* [TASK BRIEF]
Print the entries below again exactly as they stand, but skip any picture.

□ □ □

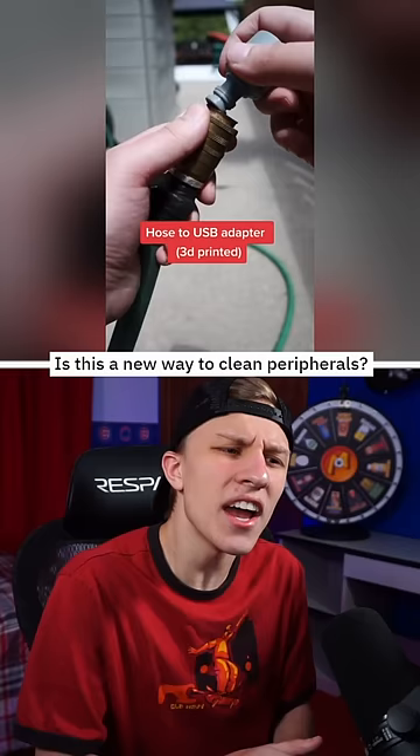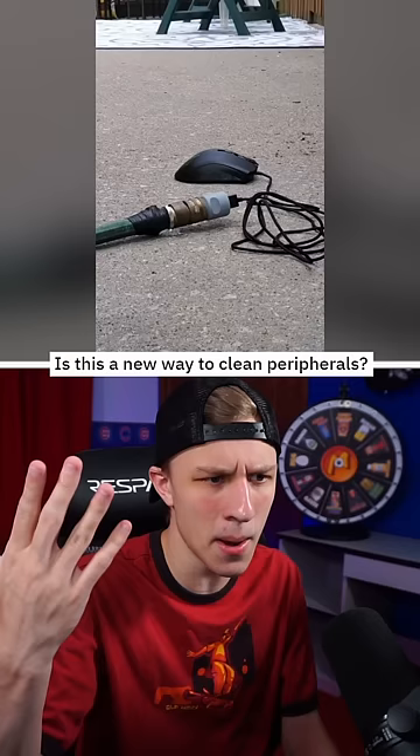DIY. Today we're having a look at more videos that'll just make you ask why. Like this guy who decided to make a USB to water hose adapter type thing to do whatever this is for some reason. I'm lost.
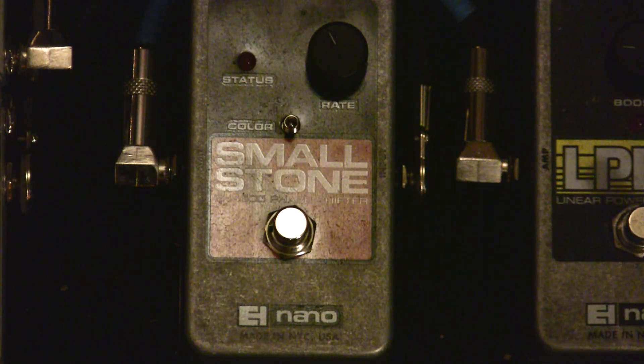For those of you who don't know what a phaser actually does, it splits your signal into two paths that sweep across the frequency spectrum. Those two paths are then adjustable through color, which is basically the intensity of the sweep, and rate, which is the speed of the sweep. Let's hear what the phaser sounds like and how you can shape the sound.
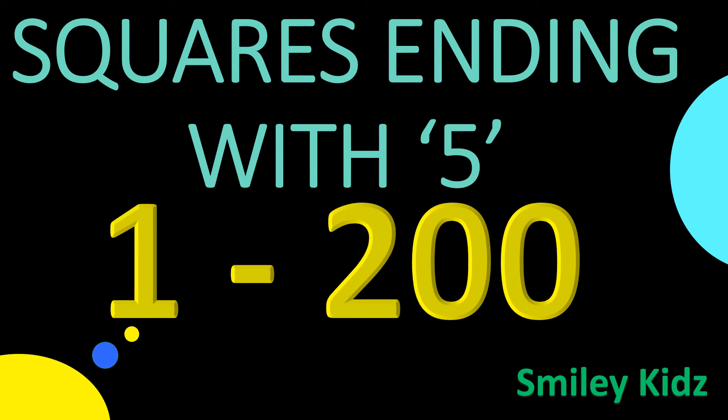Hello everyone, a very warm welcome to Smiley Kids channel. Today we are going to learn the squares of numbers ending with 5, from 1 to 200. So without getting late, let's get started.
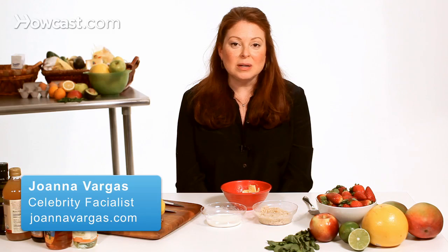A facial scrub is really what's going to make your skin look its best all the time, and I highly recommend that you do it at least twice a week no matter what your skin type is.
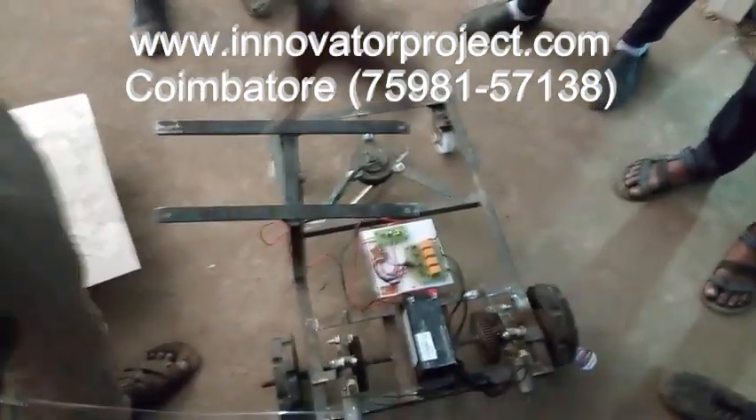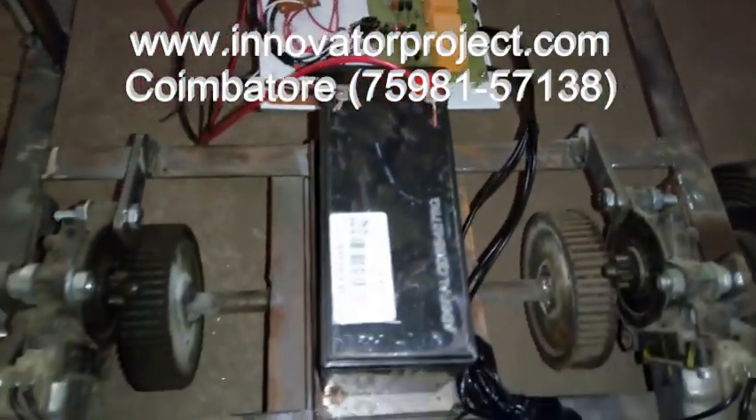Solar Grass Cutter, Solar Powered. We are able to fix the solar system here. That is 12V, 880, 20V. 12V, 780, 80V.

□ □ □

* [RESPONSE TO THIS TASK]
DIY. Today we're having a look at more videos that'll just make you ask why. Like this guy who decided to make a USB to water hose adapter type thing to do whatever this is for some reason. I'm lost.
For those of you who don't know what a phaser actually does, it splits your signal into two paths that sweep across the frequency spectrum. Those two paths are then adjustable through color, which is basically the intensity of the sweep, and rate, which is the speed of the sweep. Let's hear what the phaser sounds like and how you can shape the sound.
Hello everyone, a very warm welcome to Smiley Kids channel. Today we are going to learn the squares of numbers ending with 5, from 1 to 200. So without getting late, let's get started.
A facial scrub is really what's going to make your skin look its best all the time, and I highly recommend that you do it at least twice a week no matter what your skin type is.
Solar Grass Cutter, Solar Powered. We are able to fix the solar system here. That is 12V, 880, 20V. 12V, 780, 80V.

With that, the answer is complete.